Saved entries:
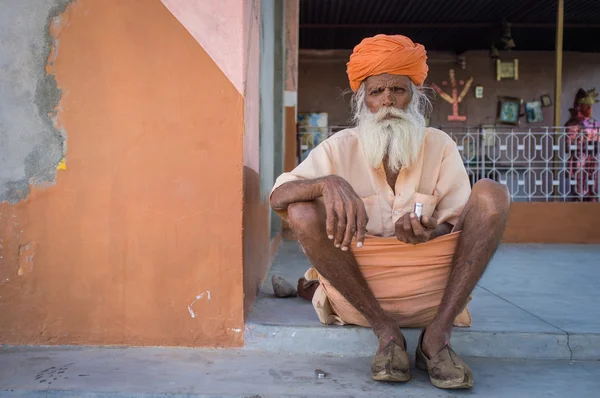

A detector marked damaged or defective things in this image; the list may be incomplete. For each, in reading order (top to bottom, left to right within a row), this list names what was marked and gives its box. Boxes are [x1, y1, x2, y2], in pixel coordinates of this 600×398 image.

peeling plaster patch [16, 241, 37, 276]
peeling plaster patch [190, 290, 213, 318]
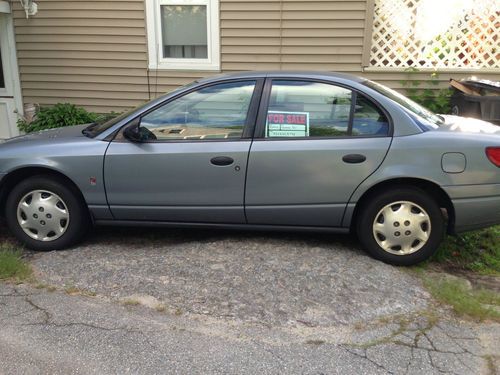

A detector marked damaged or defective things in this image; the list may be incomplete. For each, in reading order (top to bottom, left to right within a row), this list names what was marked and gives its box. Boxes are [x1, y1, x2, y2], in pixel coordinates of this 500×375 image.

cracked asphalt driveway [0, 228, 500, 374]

Assignment -
Please reproduce every record exactly as written, excluding the pictures.

Result of the exercise -
A detector marked damaged or defective things in this image; the list may be incomplete. For each, in reading order (top to bottom, left to right within a row), this list names what was marked and gives its box. Boxes are [x1, y1, x2, y2], in pixel coordinates of this 600×398 image.

peeling plaster patch [16, 241, 37, 276]
peeling plaster patch [190, 290, 213, 318]

A detector marked damaged or defective things in this image; the list may be incomplete. For each, in reading order (top to bottom, left to right within a row), this list names what was marked and gives its box. Boxes are [x1, y1, x2, y2], in pixel coordinates of this 500×375 image.

cracked asphalt driveway [0, 228, 500, 374]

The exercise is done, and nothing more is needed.